T-cells

The immune system’s killer T-cells are crucial in fighting viral infections. A fraction of them, called ‘memory cells’, live on once infection is controlled in order to fight re-infection by the same virus. They are of great interest as the basis of T-cell-based vaccination and immunotherapies.

A study by Monash Biomedicine Discovery Institute (BDI) scientists has revealed the mechanisms by which other immune system cells, called ‘helper T-cells’, are able to provide the support needed to keep memory cells functioning optimally.

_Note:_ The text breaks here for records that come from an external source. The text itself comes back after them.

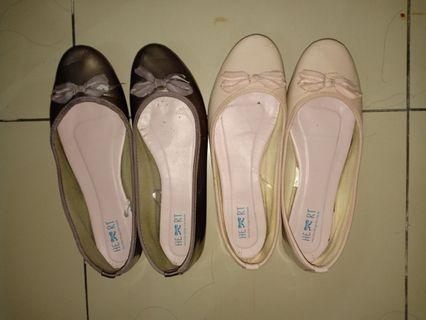 Sepatu the little things she needs (take all 50rb)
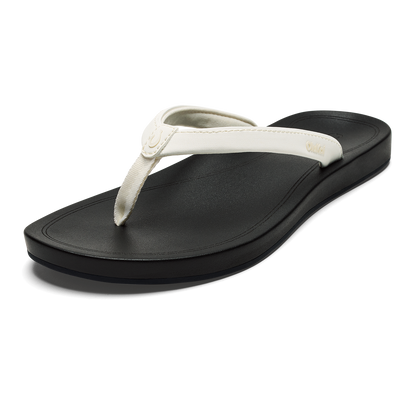 OluKai | ‘Uiki Women’s Everyday Beach Sandals - Bright White / Lava Rock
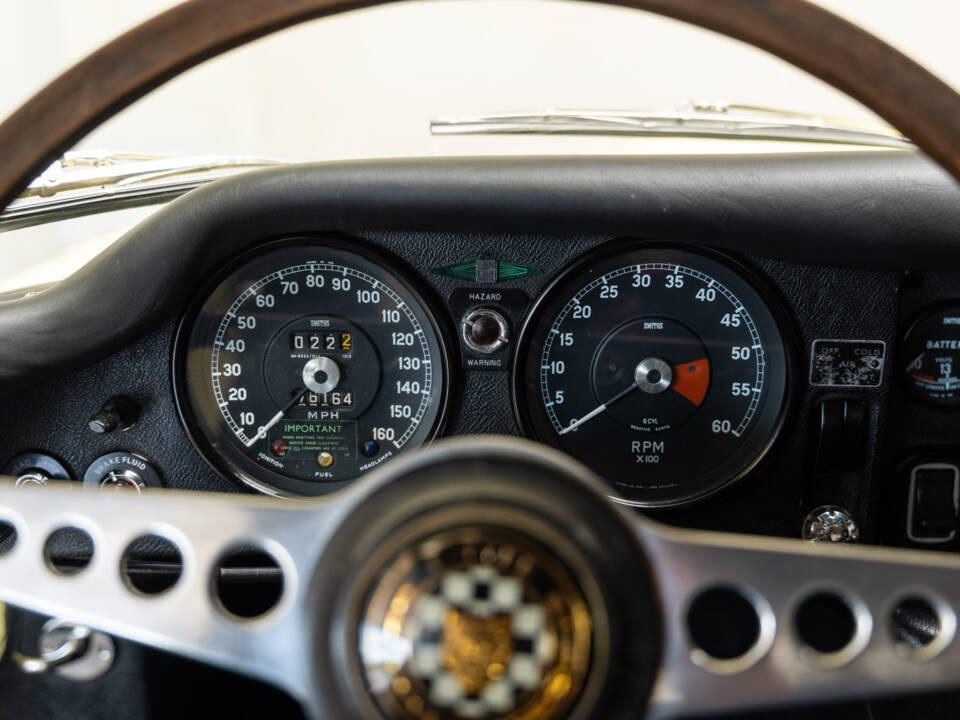 Immagine 10/32 di Jaguar E-Type (1969)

Professor Stephen Turner said that while it has been known for some time that immunological memory for many types of infection can’t be established without CD4 or helper T-cells, it was not known exactly what they did.

“The adaptive immune system’s a bit like the Avengers,” Prof Turner said.

“You have team members who work by themselves, but it’s only when they get together that they actually make the best movies!” he said.

“The CD4 cell is like Iron Man who’s in charge and controls the messages; without these helper cells you can’t get good adaptive immune response.”

Using high-throughput RNA sequencing the researchers compared the genetic signature of memory T-cells that received help from the helper cells to those that did not receive help.

“We found signatures in unhelped T-cells that were very reminiscent of what we call T-cell exhaustion. This is the sort of characteristic that is often associated with dysfunctional T-cell responses in cancers,” Prof Turner said.

Cancer therapies called ‘checkpoint blockades’ essentially reactivate or restore the function of exhausted cells.

“We explored further and found that without help at the very start of virus infection – not at later stages – the killer T-cells in the unhelped situation basically didn’t have the pathways needed to generate the energy to respond to infection; they were worn out before they got going,” Prof Turner said.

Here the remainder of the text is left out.